1886-1919 by Michael Flaherty, white earthenware,glaze, terra sigillata, photo courtesy of the artist
I spent a good part of my energy last week rewriting an article for C magazine. It is a review of Michael Flaherty's exhibition Rangifer Sapiens, which translates from Latin, as wise caribou. I have always been interested in Flaherty's work because it was clear he stood out from the herd (no pun intended). He was a very different kind of creature than most potters or ceramic artists that I have had the pleasure and occasionally frustration of working with or writing about.
And I know a good number of clay folk. You figure when I edited Fusion magazine back in Toronto the Ontario Clay and Glass Association had a membership of 800. I've also worked with the Nova Scotia Guild of Potters and similar groups in New Brunswick, Alberta, etc. One of my fondest memories is of working out at Banff for Les Manning. I have a collection of thank you pots from Robert Archambeau, Harlan House, Ron Roy, Lucky Rabbit Pottery, Brian Banfield, King's Point Pottery, and sculpture from Ann Roberts, Reed Weir and Aleksandr Sorotchynski. A collector once asked me "what kind of art do you collect?" To which I responded, "I don't collect art, I collect artists. (The flip side of that is because I was an arts writer I couldn't afford to purchase from galleries.)
1882-1951 by Michael Flaherty, white earthenware,glaze, terra sigillata, photo courtesy of the artist
When I moved to St. John's, NL the thank you presents were at first from painters like Shawn O'Hagan and others. I've also framed my thank you prints from Christine Koch. I have a tiny framed weaving of a polar bear from Suzanne Swannie that she made after her time in the arctic.

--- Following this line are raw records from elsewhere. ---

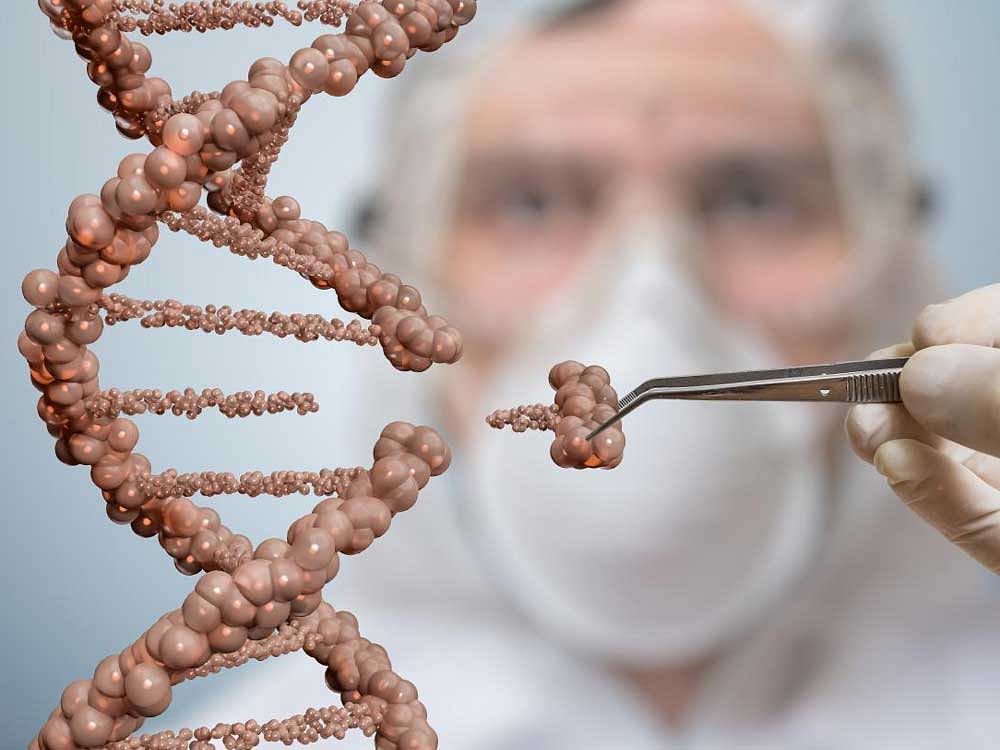 Scientist is replacing part of a DNA molecule. Genetic engineering and gene manipulation concept. While scientists work to get human embryonic editing ready for clinical trials (currently illegal in many countries), alternate medical treatments for inherited diseases might be developed.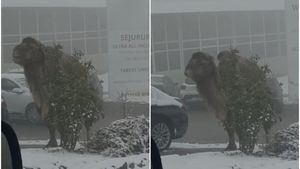 Imaginile virale ale zilei | Cămila din Cluj-Napoca, la un „popas”. A stârnit un val de reacții: „Explică asta băieților de la asigurări, în caz de ceva”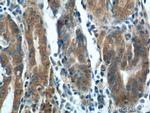 FGF5 Antibody in Immunohistochemistry (Paraffin) (IHC (P))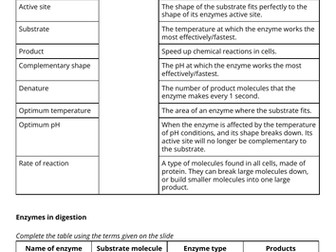 Enzyme Action and pH CorePrac Review Lesson: GCSEs Summer 2022
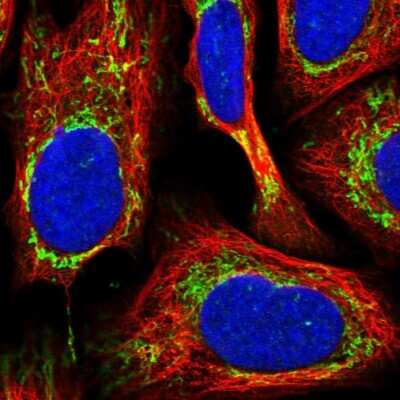 Immunocytochemistry/ Immunofluorescence: Fumarase Antibody [NBP1-89814]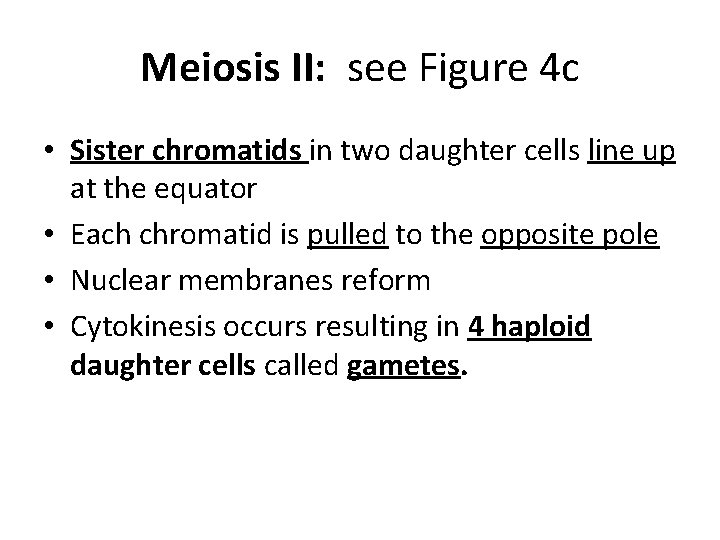 Meiosis II: see Figure 4 c • Sister chromatids in two daughter cells line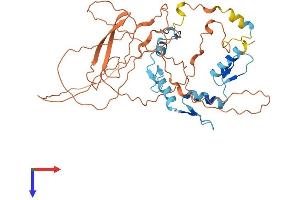 YY1 Protein (AA 1-414) (His tag)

I still remember her saying about the Inuit ladies she worked with, "they sew like angels". She really prized those tiny neat stitches. It resonated with her European sensibility of masterful technique. There was a touring show from the Textile Museum that was on at a gallery in Halifax a few years ago. It featured a 2-storey high figure of a plump naked woman made out of plush, acrylic fur. In retrospect I realize it was about body image and related issues. When we talked about that show, Suzanne said simply that it made her sick. She found it revolting. That's when I realized how the landscape of craft was changing. It wasn't just about technique or materials anymore it was about issues. Big issues.

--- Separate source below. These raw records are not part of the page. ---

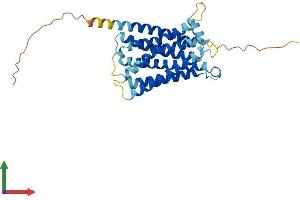 AlphaFold protein structure predicition of Mouse Recombinant Mrgprh Protein, UniprotID Q99MT8 (MRGPRH Protein (AA 1-321) (His tag))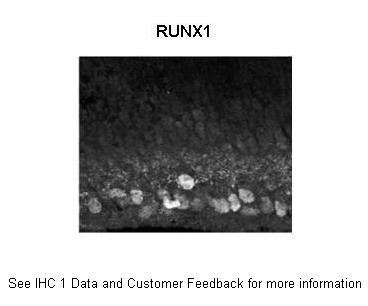 RUNX1 antibody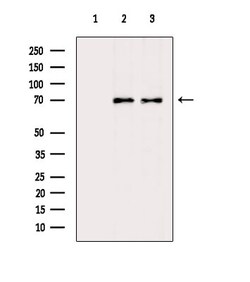 Invitrogen CEP76 Polyclonal Antibody 100 &mu;L; Unconjugated:Antibodies,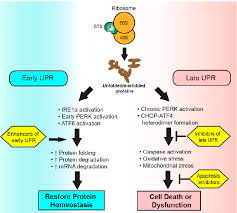 Figure 2 From Shiga Toxin Therapeutics Beyond Neutralization Semantic Scholar
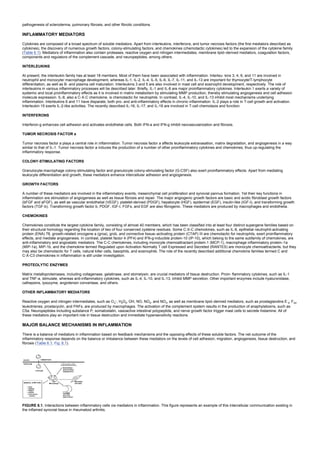 pathogenesis of scleroderma, pulmonary fibrosis, and other fibrotic conditions.
INFLAMMATORY MEDIATORS
Cytokines are composed of a broad spectrum of soluble mediators. Apart from interleukins, interferons, and tumor necrosis factors (the first mediators described as
cytokines), the discovery of numerous growth factors, colony-stimulating factors, and chemokines (chemotactic cytokines) led to the expansion of the cytokine family
(Table 6.1). Mediators of inflammation also contain proteases, reactive oxygen and nitrogen intermediates, membrane lipid–derived mediators, coagulation factors,
components and regulators of the complement cascade, and neuropeptides, among others.
INTERLEUKINS
At present, the interleukin family has at least 18 members. Most of them have been associated with inflammation. Interleu- kins 3, 4, 6, and 11 are involved in
neutrophil and monocyte/ macrophage development, whereas IL-1, IL-2, IL-4, IL-5, IL-6, IL-7, IL-11, and IL-13 are important for thymocyte/T-lymphocyte
differentiation, as well as B- and plasma cell maturation. Interleukins 3 and 5 are also involved in mast cell and eosinophil development, respectively. The role of
interleukins in various inflammatory processes will be described later. Briefly, IL-1 and IL-8 are major proinflammatory cytokines. Interleukin 1 exerts a variety of
systemic and local proinflammatory effects as it is involved in matrix metabolism by stimulating MMP production, thereby stimulating angiogenesis and cell adhesion
molecule expression. IL-8, also a C-X-C chemokine, is chemotactic for neutrophils. In contrast, IL-4, IL-10, and IL-13 inhibit most mechanisms underlying
inflammation. Interleukins 6 and 11 have disparate, both pro- and anti-inflammatory effects in chronic inflammation. IL-2 plays a role in T-cell growth and activation.
Interleukin 15 exerts IL-2-like activities. The recently described IL-16, IL-17, and IL-18 are involved in T-cell chemotaxis and function.
INTERFERONS
Interferon-g enhances cell adhesion and activates endothelial cells. Both IFN-a and IFN-g inhibit neovascularization and fibrosis.
TUMOR NECROSIS FACTOR a
Tumor necrosis factor a plays a central role in inflammation. Tumor necrosis factor a affects leukocyte extravasation, matrix degradation, and angiogenesis in a way
similar to that of IL-1. Tumor necrosis factor a induces the production of a number of other proinflammatory cytokines and chemokines, thus up-regulating the
inflammatory response.
COLONY-STIMULATING FACTORS
Granulocyte-macrophage colony-stimulating factor and granulocyte colony-stimulating factor (G-CSF) also exert proinflammatory effects. Apart from mediating
leukocyte differentiation and growth, these mediators enhance intercellular adhesion and angiogenesis.
GROWTH FACTORS
A number of these mediators are involved in the inflammatory events, mesenchymal cell proliferation and synovial pannus formation. Yet their key functions in
inflammation are stimulation of angiogenesis as well as tissue fibrosis and repair. The major angiogenic growth factors are basic and acidic fibroblast growth factors
(bFGF and aFGF), as well as vascular endothelial (VEGF), platelet-derived (PDGF), hepatocyte (HGF), epidermal (EGF), insulin-like (IGF-I), and transforming growth
factors (TGF-b). Transforming growth factor b, PDGF, IGF-I, FGFs, and EGF are also fibrogenic. These mediators are produced by macrophages and endothelia.
CHEMOKINES
Chemokines constitute the largest cytokine family, consisting of almost 40 members, which has been classified into at least four distinct supergene families based on
their structural homology regarding the location of two of four conserved cysteine residues. Some C-X-C chemokines, such as IL-8, epithelial neutrophil-activating
protein (ENA) 78, growth-related oncogene a (groa), grob, and connective tissue–activating protein (CTAP) III are chemotactic for neutrophils, exert proinflammatory
effects, and mediate angiogenesis. In contrast, platelet factor 4 (PF4) and IFN-g-inducible protein-10 (IP-10), which belong to the same subfamily of chemokines, are
anti-inflammatory and angiostatic mediators. The C-C chemokines, including monocyte chemoattractant protein-1 (MCP-1), macrophage inflammatory protein–1a
(MIP-1a), MIP-1b, and the chemokine termed Regulated upon Activation Normally T cell Expressed and Secreted (RANTES) are monocyte chemoattractants, but they
may also be chemotactic for T cells, natural killer cells, basophils, and eosinophils. The role of the recently described additional chemokine families termed C and
C-X-C3 chemokines in inflammation is still under investigation.
PROTEOLYTIC ENZYMES
Matrix metalloproteinases, including collagenase, gelatinase, and stomelysin, are crucial mediators of tissue destruction. Proin- flammatory cytokines, such as IL-1
and TNF-a, stimulate, whereas anti-inflammatory cytokines, such as IL-4, IL-10, and IL-13, inhibit MMP secretion. Other important enzymes include hyaluronidase,
cathepsins, lysozyme, angiotensin convertase, and others.
OTHER INFLAMMATORY MEDIATORS
Reactive oxygen and nitrogen intermediates, such as O2
–, H2O2, OH, NO, NO2, and NO3, as well as membrane lipid–derived mediators, such as prostaglandins E 2, F2a,
leukotrienes, prostacyclin, and PAFs, are produced by macrophages. The activation of the complement system results in the production of anaphylatoxins, such as
C5a. Neuropeptides including substance P, somatostatin, vasoactive intestinal polypeptide, and nerve growth factor trigger mast cells to secrete histamine. All of
these mediators play an important role in tissue destruction and immediate hypersensitivity reactions.
MAJOR BALANCE MECHANISMS IN INFLAMMATION
There is a balance of mediators in inflammation based on feedback mechanisms and the opposing effects of these soluble factors. The net outcome of the
inflammatory response depends on the balance or imbalance between these mediators on the levels of cell adhesion, migration, angiogenesis, tissue destruction, and
fibrosis (Table 6.1; Fig. 6.1).
FIGURE 6.1. Interactions between inflammatory cells via mediators in inflammation. This figure represents an example of this intercellular communication existing in
the inflamed synovial tissue in rheumatoid arthritis.
 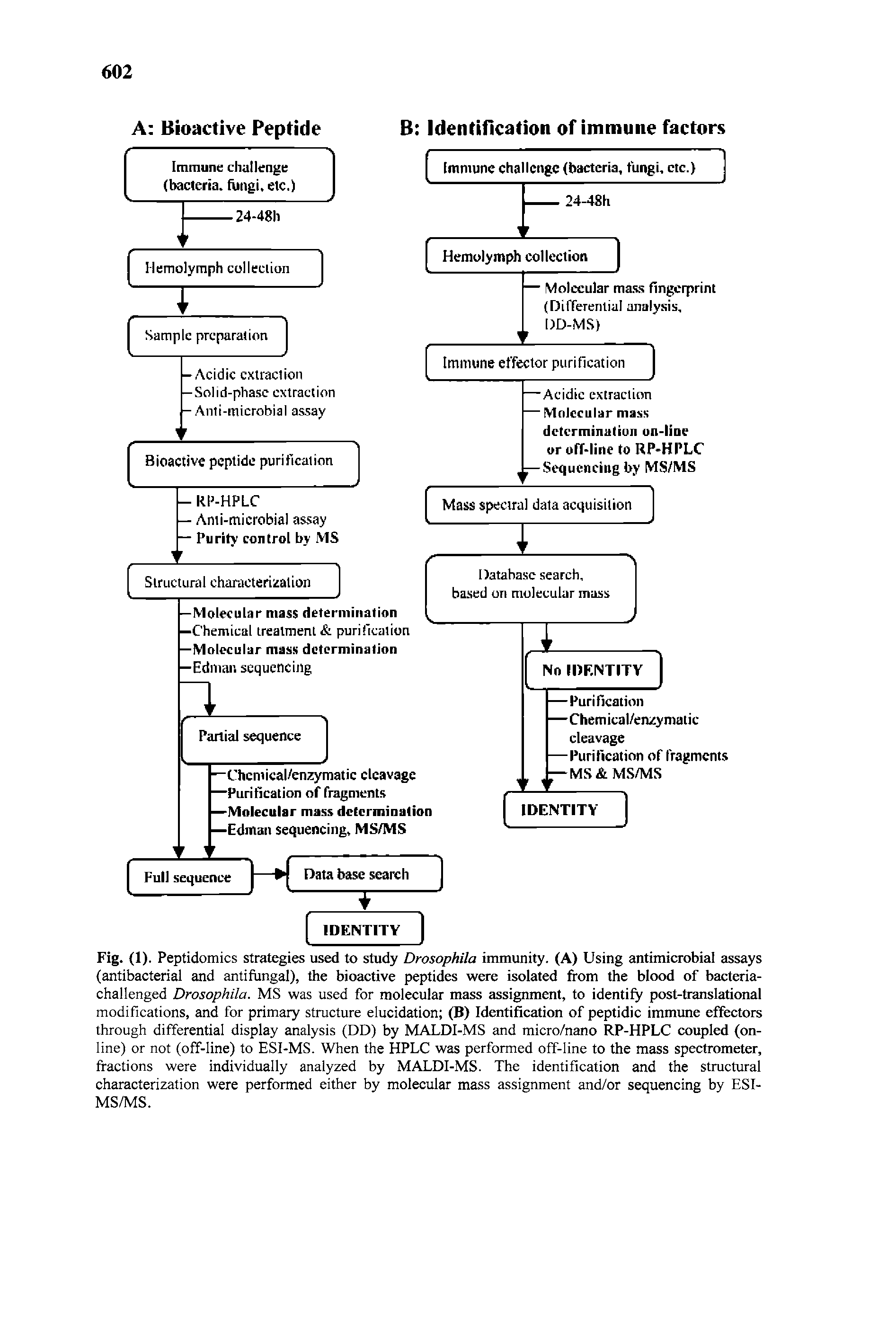 Fig. (1). Peptidomics strategies used to study Drosophila immunity. (A) Using antimicrobial assays (antibacterial and antifungal), the bioactive peptides were isolated from the blood of bacteria-challenged Drosophila. MS was used for molecular mass assignment, to identify post-translational modifications, and for primary structure elucidation (B) Identification of peptidic immune effectors through differential display analysis (DD) by MALDI-MS and micro/nano RP-HPLC coupled (online) or not (off-line) to ESI-MS. When the HPLC was performed off-line to the mass spectrometer, fractions were individually analyzed by MALDI-MS. The identification and the structural characterization were performed either by molecular mass assignment and/or sequencing by ESI-MS/MS.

By the time that review of C magazine rolls off the presses it will represent more than two weeks of my time. I spent a day in the Newfoundland Study Centre at the MUN library reading about caribou (can you tell the difference from a Newfoundland caribou and a Labrador caribou?), days on line reading about resettlement in the province, I looked at back issues of C magazine, researched Flaherty's past work and of course spent at least two hours in the exhibition I was reviewing drawing and making notes. The funny thing is I don't know whether I will get paid for it. I never even asked. Occasionally I write for scholarly journals because I enjoy the critical rigour and the disciplined thinking it requires. They usually don't offer writer's fees, as their writers are career academics, which are expected to "publish or perish". C magazine has an excellent editor, Amish Morrell. He is thoughtful and sensitive and knows how to read between the lines and tease out ideas. Working with him is professional development for me as a thinker and writer. My other motive in doing the article is that I want to encourage Michael Flaherty. I don't know his career aspirations per se but I suspect he is destined for a university or art college position. His work deserves critical attention and if he wants that position in the future he will need a resume with a review from C magazine on it.